At runtime, the Apigee proxy can do its normal authentication check ( VerifyAPIKey or VerifyAccessToken) and can also check the fingerprint on the inbound client-provided certificate against the list of certificate fingerprints registered for the developer account.

One could also attach a cert fingerprint to a specific developer app.

In summary, it’s not so difficult to implement secure keypair provisioning to support the client-side authentication part of mTLS in an Apigee scenario, if you have a custom developer portal.

I have a working example of this; I’ll look into producing a webcast maybe with Rakesh or others showing this in action.

2 Likes

Dino, I like the thought of using developer portal and make it self sufficient.

If authentication relies on the fingerprint of the entire self-issued leaf certificate, key rotation changes that fingerprint. This means that every time a developer renews their certificate via the portal, the Dev Portal backend must perform an operational step in the Apigee to register the new certificate fingerprint against the developer entity or app. Compared to public CA model, this registration step will be the additional change burden on Apigee side of things.

YES! And there must be overlap in lifetimes of the certs, too. I have a Devportal example that does this - registers multiple overlapping certs for each developer account.

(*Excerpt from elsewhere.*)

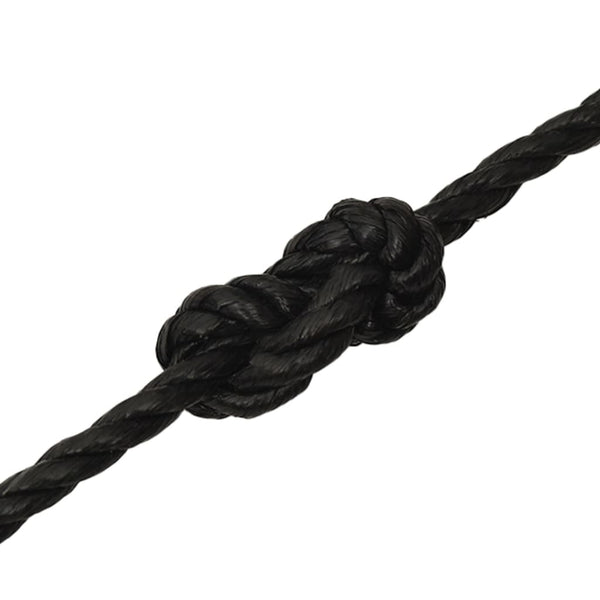 vidaXL Work Rope Black 12 mm 25 m Polypropylene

The API proxy must be smart enough to scan through the list of valid, approved fingerprints, for a given developer, when performing validation. This is not TLS validation - that happens at the Load Balancer, and requires a separate configuration. Not complicated, but not part of Apigee responsibilities. There will be no change required on the LB as client certs rotate - the LB can just use as its Truststore, the root certificate (privately issued) that is managed by the developer portal. The part in the proxy is just validating that… the current cert being used by the app is correctly registered for the developer that owns the app.

I expect more and more API programs to use this approach. Using a custom Devportal makes this part easy.